# Just got a lathe. Now what do I need



## buzzby (8 Dec 2015)

Hi everyone,

I been looking for a while and finally saw a Sherline 4410 on ebay that i have won. It is just the lathe with only a 3 jaw chuck and the tool rest that comes with the lathe. What would you all list as the minimum extra things i need to get turning.
Will be turning brass mainly with some Aluminum for practice and steel for making screws

To start with i will just be doing simple projects as i learn metal turning (have been a wood turner for a number of years)

Things i know i want but have no idea where to get from
Quick change tool post 
cutters (i am used to HSS but wondering if carbide might be the way to go to get started). I know brass needs different angles that others
Drill chuck tail stock

Drills
oil / cutting fluid?
mark out fluid

what else am i missing?

I have learned the hard way not to buy cheap and buy twice but also want to get value for money.

My long term aim is to get a mill as well and start gear and clock making. I have already made a couple of clocks out of wooden gears and want to give brass a try.

Thanks


----------



## CHJ (8 Dec 2015)

> *Just got a lathe. Now what do I need*



You need to start turning with what you have got.

*QCT*, will save a few minutes setup when changing tools, will cost money, better spent on raw materials. A few strips of packing shims from scrap sheet material matched to and kept with each tool is quick to setup. 
*Carbide tooling*, selection care needed to acquire specification suitable for small lathe, they like heavy load in the main. HSS better and sharper for Brass and Ali. work.
*Marking out fluid*, very little use for lathe work, more associated with surface plate and marking out for milling, drilling and shaping flat stock.
*Cutting fluid* Kerosene is a good coolant for brass and Ali, applied by brush, perhaps add a drop of thin oil.

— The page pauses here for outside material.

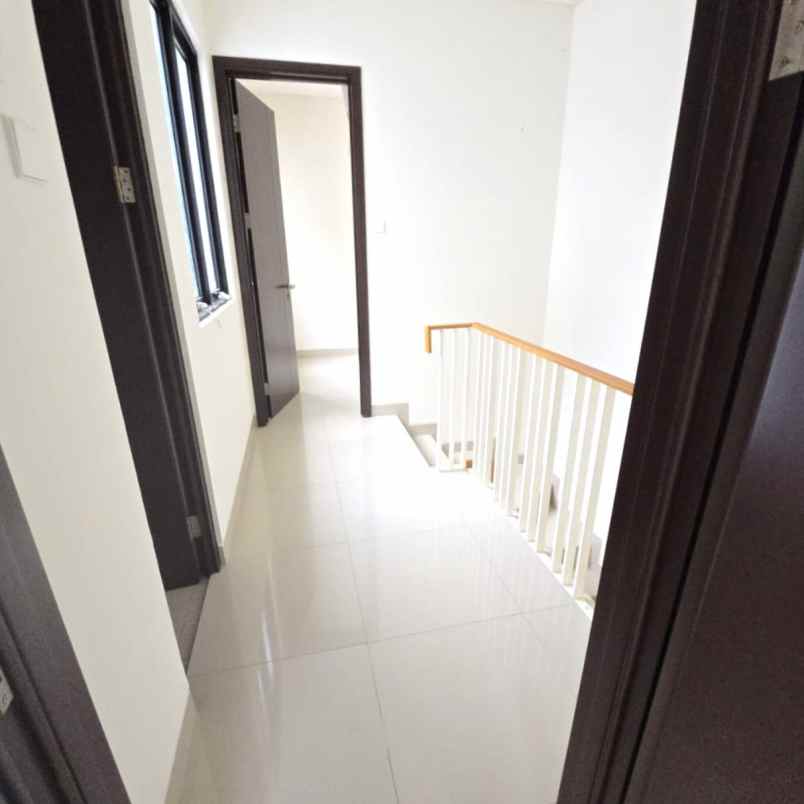 dijual rumah cluster yarra essence jgc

Suggest you only start looking for enhancement goodies when you get to a job you cannot possibly do with what you have to hand.

Go to the One Stop reference links at the top of this forum section for suppliers and information.


----------



## MusicMan (9 Dec 2015)

+1 for forgetting about QC tool post. On a small lathe they seriously lack rigidity. I agree with Chas too on HSS rather than carbide. The latter is really designed for heavy cuts on big machines and actually cannot be made as sharp as HSS. You will need a small grinder to form the tools and you need to read up about tool angles. It is straightforward and the angles are not too critical, and there are plenty of web resources to guide you.

Yes, start with what you have and first of all be sure you can set the cutting point closely on the lathe centre. Read up about the ruler trick and cutting speeds. The small book by Harold Hall is a great way to start, and it gives progressive but useful projects to make. 

You can get pretty much everything on eBay and/or through Chronos and RDG Tools for a start.

Keith


----------



## AES (9 Dec 2015)

+ another 1 for what "they" (CHJ and MusicMan) said.

A QCTP is certainly nice to have, and very convenient if you're doing a lot of work which needs several different tools to be used on the same work piece. But coupled with the use of HSS rather than carbide (see below), most probably the Eccentric Engineering angled tool holder (see the sticky at top of this section) is a better bet. It's very easy to adjust for tool/centre height, cuts very well, and uses HSS. Highly recommended for you for later on - usual disclaimers.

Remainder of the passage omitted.